IMF-Dünya Bankası Bahar Toplantıları çerçevesinde Washington'da bulunan Babacan, Türk gazetecilerle bir araya geldi.
Babacan, "Türkiye'ye yönelik bazı eleştirilere" dair soru üzerine, şunları kaydetti:
"Geçen yıl mayıstaki Gezi olaylarından bugüne kadarki süreçte belki eleştirilerin yoğunlaştığı bir dönemi görüyoruz. İster Gezi olayları olsun, ister 17 Aralık süreci olsun, bizim burada kısa vadeli önceliklerimiz var. Nedir bunlar? Türkiye'deki istikrarı korumak ve Türkiye'nin istikrarını, güvenliğini hedefleyen her türlü oluşuma ve gayrete de mani olmak, bunun da hemen önünü kesmek. Kısa vadede önceliğimiz bu. Dolayısıyla, mesele istikrar, ulusal güvenlik meselesiyse, birinci öncelik nedir, bunu hedef alan girişimleri bir an önce bertaraf etmektir.

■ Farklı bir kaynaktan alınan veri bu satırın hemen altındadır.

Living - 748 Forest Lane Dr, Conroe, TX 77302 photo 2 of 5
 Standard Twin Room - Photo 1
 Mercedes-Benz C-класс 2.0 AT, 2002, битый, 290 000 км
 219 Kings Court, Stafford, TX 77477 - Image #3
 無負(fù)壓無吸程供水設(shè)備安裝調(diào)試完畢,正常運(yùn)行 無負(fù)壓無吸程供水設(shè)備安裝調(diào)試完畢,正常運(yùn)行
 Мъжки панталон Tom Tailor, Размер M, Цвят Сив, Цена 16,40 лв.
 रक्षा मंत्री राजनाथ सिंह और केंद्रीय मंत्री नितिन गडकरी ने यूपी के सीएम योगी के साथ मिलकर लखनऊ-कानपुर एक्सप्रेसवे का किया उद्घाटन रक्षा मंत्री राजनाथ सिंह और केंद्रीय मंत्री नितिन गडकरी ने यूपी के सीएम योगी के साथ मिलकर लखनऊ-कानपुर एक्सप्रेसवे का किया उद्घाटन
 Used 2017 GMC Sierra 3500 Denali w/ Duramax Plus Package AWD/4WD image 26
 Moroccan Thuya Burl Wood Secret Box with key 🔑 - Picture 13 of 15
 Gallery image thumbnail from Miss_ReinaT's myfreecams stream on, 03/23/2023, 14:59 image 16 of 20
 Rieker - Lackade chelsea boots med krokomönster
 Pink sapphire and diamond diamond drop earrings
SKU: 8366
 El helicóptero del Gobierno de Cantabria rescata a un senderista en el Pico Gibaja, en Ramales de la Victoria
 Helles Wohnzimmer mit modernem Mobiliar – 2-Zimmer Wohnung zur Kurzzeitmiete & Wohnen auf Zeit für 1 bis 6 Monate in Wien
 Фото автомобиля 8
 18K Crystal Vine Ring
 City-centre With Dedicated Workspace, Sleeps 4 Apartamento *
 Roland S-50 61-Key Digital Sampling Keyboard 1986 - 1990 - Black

Bu amaçla, attığınız bazı adımlar, demokrasi, yargı bağımsızlığı veya güçler ayrılığı konusunda bazı soru işaretleri uyandırabiliyor ya da dışarıdan izleyenler böyle bir algıya kapılabiliyor. Bizim bir yandan kısa vadede önceliğimiz kontrolü, istikrarı muhafaza etmekken, orta uzun vadede asıl hedef ve idealimiz olan birinci sınıf demokrasi, gerçek anlamda bir hukuk devleti ve gelişmiş bir ekonomi. Bu konularda taviz vermemiz mümkün değil. Yani orta uzun vadeli hedeflerimizi, ideallerimizi sapa sağlam yerinde tutacağız ama o hedeflere doğru yürürken bizi engelleyebilecek, istikrarımıza, ulusal güvenliğimize zarar verecek her türlü çabayı da, hukuk ve TBMM'nin kabul ettiği yasalar çerçevesinde her türlü yöntemi de kullanarak, engellemeye çalışacağız, bu işin tabiatında bu var."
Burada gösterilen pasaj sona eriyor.